*ABOUT THIS EXERCISE*: Within the material below, transcribe exactly the lines from the one holding "May include: A" through the one holding "Young female journalist", keeping both ends and skipping the rest.

DATA EXTRACT below:

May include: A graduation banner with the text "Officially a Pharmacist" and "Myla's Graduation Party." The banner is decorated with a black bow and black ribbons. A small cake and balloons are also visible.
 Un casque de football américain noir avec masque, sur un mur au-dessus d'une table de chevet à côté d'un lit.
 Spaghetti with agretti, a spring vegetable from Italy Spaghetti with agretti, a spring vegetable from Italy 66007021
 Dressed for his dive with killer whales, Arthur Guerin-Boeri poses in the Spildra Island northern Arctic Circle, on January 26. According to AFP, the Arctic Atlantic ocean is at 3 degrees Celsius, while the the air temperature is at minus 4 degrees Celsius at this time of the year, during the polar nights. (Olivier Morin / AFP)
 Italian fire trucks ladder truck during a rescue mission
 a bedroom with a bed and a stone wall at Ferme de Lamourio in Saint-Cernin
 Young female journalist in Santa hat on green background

End of DATA EXTRACT.
DATA EXTRACT below:

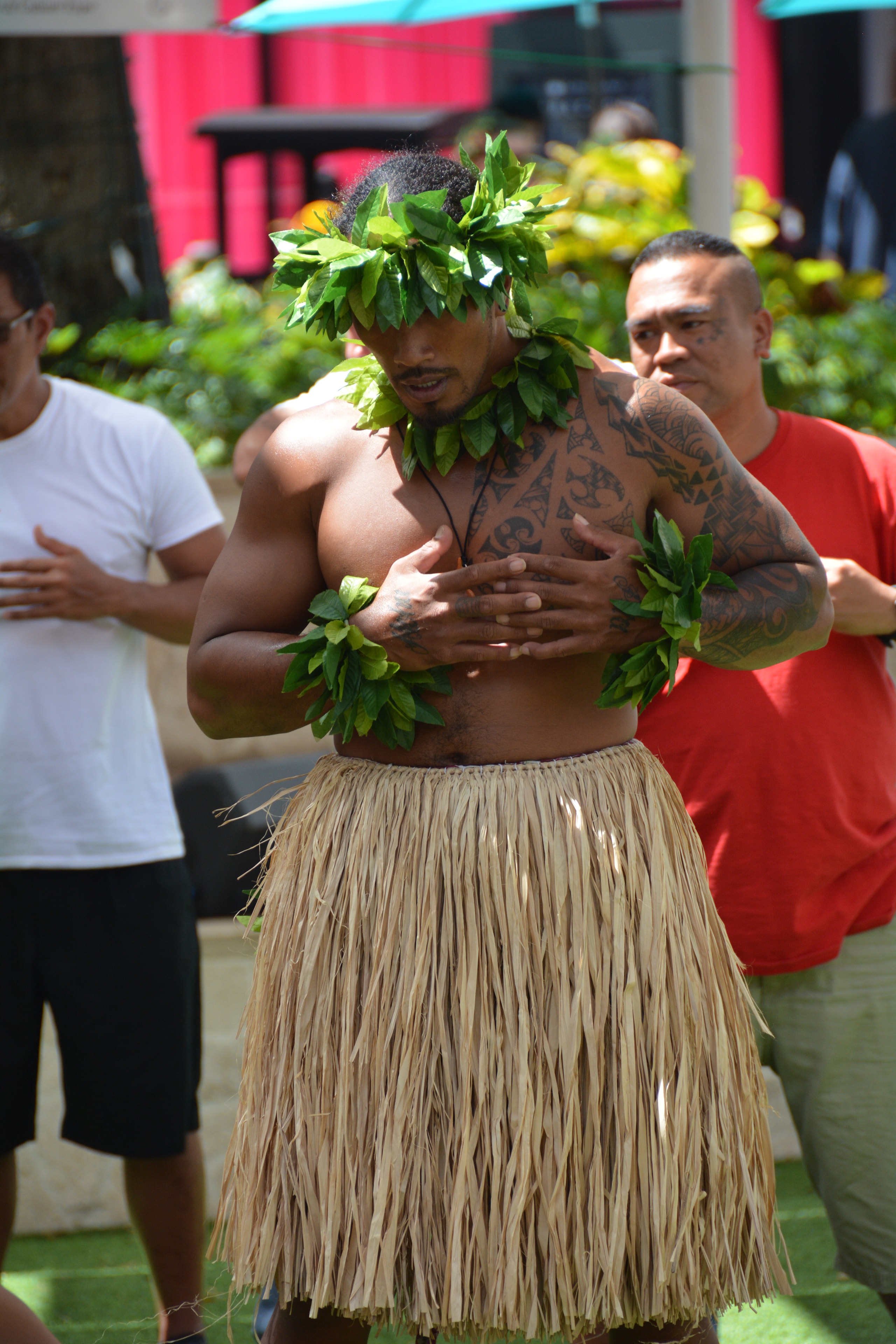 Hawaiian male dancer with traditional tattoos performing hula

End of DATA EXTRACT.

*RESULT OF THE EXERCISE*:
May include: A graduation banner with the text "Officially a Pharmacist" and "Myla's Graduation Party." The banner is decorated with a black bow and black ribbons. A small cake and balloons are also visible.
 Un casque de football américain noir avec masque, sur un mur au-dessus d'une table de chevet à côté d'un lit.
 Spaghetti with agretti, a spring vegetable from Italy Spaghetti with agretti, a spring vegetable from Italy 66007021
 Dressed for his dive with killer whales, Arthur Guerin-Boeri poses in the Spildra Island northern Arctic Circle, on January 26. According to AFP, the Arctic Atlantic ocean is at 3 degrees Celsius, while the the air temperature is at minus 4 degrees Celsius at this time of the year, during the polar nights. (Olivier Morin / AFP)
 Italian fire trucks ladder truck during a rescue mission
 a bedroom with a bed and a stone wall at Ferme de Lamourio in Saint-Cernin
 Young female journalist in Santa hat on green background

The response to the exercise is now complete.